— В твои годы на воле давно пора быть, — усмехался невидимый в слабом свете Хмырь.
— С твоим умом здесь тоже делать нечего, — отвечал Пыёлдин.
— Мой ум всегда при мне, — отчего-то злясь, произносил Хмырь.
— И годы мои тоже при мне, — улыбался Пыёлдин.
— Ну и заткнись!
— Если бы я был такой умный, как ты, я бы так не разговаривал, — поддразнивал Пыёлдин тугодумного Хмыря.
— А как бы разговаривал? — спросил тот после долгого молчания.
— Молчал бы.
— Что ж тебе мешает молчать-то?
— Да вот пристают по ночам всякие умники… Озабоченные.
— Каша… Обижаешь. Нехорошо. Ты меня слышишь?
— Нет, Хмырь, не слышу. Я сплю.

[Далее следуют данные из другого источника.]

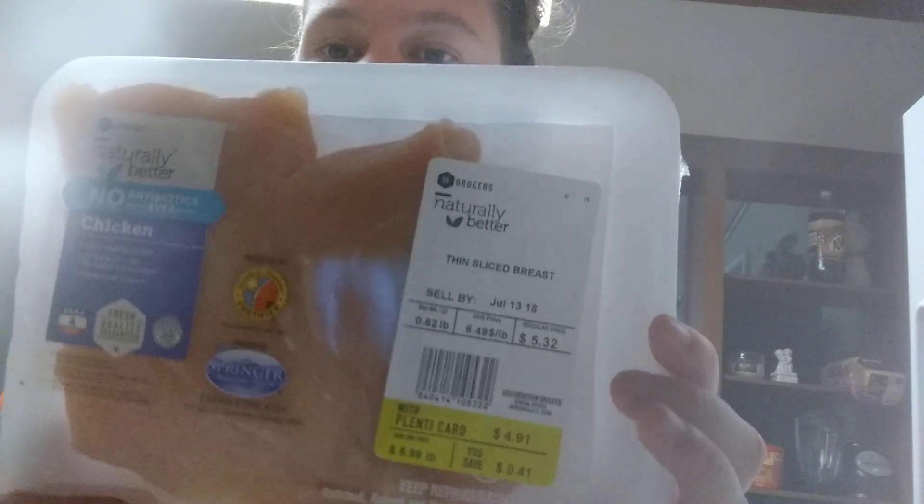I got Natural Better Thin Slice Chicken Breast. I'm actually going to do these for dinner tonight. I also got a thing of bananas, and two packs of Essentials Deluxe Shells and Cheese — two boxes. This is for tonight too, for dinner with our chicken. That should be good.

И ты мне снишься… Красивый, молодой, на берегу моря… Рядом с тобой девушка необыкновенной красоты… Она улыбается, гладит рукой по щеке, целует и прижимается к тебе… На ней голубой купальник и… И больше ничего на ней нет…
— Каша… Я тебя убью, — произнес Хмырь глухим голосом и замолк до утра.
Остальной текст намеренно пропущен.